Data to examine START

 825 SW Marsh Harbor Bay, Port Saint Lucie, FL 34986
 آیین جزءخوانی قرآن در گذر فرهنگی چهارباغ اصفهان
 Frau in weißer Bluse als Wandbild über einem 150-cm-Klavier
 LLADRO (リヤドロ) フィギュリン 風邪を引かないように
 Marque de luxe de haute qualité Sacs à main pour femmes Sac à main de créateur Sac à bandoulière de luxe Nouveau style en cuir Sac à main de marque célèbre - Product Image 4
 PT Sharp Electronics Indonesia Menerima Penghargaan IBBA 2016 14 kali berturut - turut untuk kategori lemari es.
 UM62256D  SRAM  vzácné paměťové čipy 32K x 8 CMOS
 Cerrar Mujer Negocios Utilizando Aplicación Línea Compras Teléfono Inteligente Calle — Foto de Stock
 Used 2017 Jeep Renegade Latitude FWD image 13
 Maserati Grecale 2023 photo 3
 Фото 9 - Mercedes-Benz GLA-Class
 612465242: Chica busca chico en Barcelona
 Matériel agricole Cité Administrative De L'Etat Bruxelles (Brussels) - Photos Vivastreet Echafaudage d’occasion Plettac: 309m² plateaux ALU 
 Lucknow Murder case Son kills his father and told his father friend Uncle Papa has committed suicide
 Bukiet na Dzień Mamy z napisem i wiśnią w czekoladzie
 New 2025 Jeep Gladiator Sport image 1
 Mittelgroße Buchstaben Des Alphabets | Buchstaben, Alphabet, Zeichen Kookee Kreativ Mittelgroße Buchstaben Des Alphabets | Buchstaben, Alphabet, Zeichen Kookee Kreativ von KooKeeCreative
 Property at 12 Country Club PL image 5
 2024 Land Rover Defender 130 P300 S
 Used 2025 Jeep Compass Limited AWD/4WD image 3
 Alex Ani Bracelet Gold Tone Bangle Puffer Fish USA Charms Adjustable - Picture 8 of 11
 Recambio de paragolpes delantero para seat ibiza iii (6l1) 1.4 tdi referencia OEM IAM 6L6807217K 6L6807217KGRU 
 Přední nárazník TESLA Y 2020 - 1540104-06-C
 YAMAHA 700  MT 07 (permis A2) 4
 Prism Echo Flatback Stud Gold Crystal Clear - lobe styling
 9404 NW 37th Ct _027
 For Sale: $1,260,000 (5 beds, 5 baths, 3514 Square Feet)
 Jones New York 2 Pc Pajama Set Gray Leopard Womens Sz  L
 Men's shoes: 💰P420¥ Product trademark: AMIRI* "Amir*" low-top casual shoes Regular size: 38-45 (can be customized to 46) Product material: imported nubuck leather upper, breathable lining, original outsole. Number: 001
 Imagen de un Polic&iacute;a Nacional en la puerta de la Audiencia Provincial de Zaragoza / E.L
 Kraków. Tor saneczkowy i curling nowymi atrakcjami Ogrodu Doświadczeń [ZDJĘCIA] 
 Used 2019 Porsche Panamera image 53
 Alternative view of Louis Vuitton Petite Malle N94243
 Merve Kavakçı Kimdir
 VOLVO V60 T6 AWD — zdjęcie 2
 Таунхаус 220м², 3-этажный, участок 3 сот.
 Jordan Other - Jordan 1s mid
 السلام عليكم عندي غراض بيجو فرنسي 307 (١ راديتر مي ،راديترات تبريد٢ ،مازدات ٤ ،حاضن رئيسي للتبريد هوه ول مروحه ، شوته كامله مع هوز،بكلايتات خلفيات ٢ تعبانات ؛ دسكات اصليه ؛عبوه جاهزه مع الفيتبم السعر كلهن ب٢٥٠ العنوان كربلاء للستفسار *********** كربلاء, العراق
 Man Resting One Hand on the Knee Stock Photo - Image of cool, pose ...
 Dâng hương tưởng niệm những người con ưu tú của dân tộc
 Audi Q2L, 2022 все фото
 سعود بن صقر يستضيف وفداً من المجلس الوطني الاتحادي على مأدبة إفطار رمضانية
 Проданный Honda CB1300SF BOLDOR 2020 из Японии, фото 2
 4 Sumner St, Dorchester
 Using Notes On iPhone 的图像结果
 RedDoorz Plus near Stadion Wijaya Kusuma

Data to examine END

Exercise objective:
Only the lines from the one with "Audi Q2L, 2022 все фото" to the end of the listing are wanted. Print them exactly, keeping both ends.

Reply:
 Audi Q2L, 2022 все фото
 سعود بن صقر يستضيف وفداً من المجلس الوطني الاتحادي على مأدبة إفطار رمضانية
 Проданный Honda CB1300SF BOLDOR 2020 из Японии, фото 2
 4 Sumner St, Dorchester
 Using Notes On iPhone 的图像结果
 RedDoorz Plus near Stadion Wijaya Kusuma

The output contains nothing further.